RECORDS FOR PROCESSING Block Start

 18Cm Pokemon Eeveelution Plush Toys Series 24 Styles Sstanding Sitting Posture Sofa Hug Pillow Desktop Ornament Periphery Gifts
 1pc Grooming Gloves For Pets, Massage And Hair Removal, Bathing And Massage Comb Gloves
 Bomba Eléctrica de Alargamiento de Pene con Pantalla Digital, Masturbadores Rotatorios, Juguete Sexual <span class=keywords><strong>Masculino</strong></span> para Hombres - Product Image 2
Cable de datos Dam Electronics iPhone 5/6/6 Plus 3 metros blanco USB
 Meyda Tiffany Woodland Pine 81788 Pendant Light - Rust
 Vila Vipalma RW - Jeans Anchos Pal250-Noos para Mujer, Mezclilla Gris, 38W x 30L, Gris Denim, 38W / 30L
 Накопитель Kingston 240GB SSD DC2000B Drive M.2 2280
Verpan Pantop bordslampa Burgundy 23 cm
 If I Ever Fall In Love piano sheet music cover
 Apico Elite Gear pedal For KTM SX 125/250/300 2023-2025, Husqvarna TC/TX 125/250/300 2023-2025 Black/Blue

RECORDS FOR PROCESSING Block End
RECORDS FOR PROCESSING Block Start

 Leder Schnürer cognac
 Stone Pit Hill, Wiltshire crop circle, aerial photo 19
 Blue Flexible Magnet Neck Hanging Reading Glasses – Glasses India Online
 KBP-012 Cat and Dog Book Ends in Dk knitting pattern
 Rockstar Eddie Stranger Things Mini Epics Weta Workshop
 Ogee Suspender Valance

RECORDS FOR PROCESSING Block End

WHAT NEEDS TO BE DONE: The answer must consist of every line from the records above that holds "para".

TASK ANSWER:
 Bomba Eléctrica de Alargamiento de Pene con Pantalla Digital, Masturbadores Rotatorios, Juguete Sexual <span class=keywords><strong>Masculino</strong></span> para Hombres - Product Image 2
 Vila Vipalma RW - Jeans Anchos Pal250-Noos para Mujer, Mezclilla Gris, 38W x 30L, Gris Denim, 38W / 30L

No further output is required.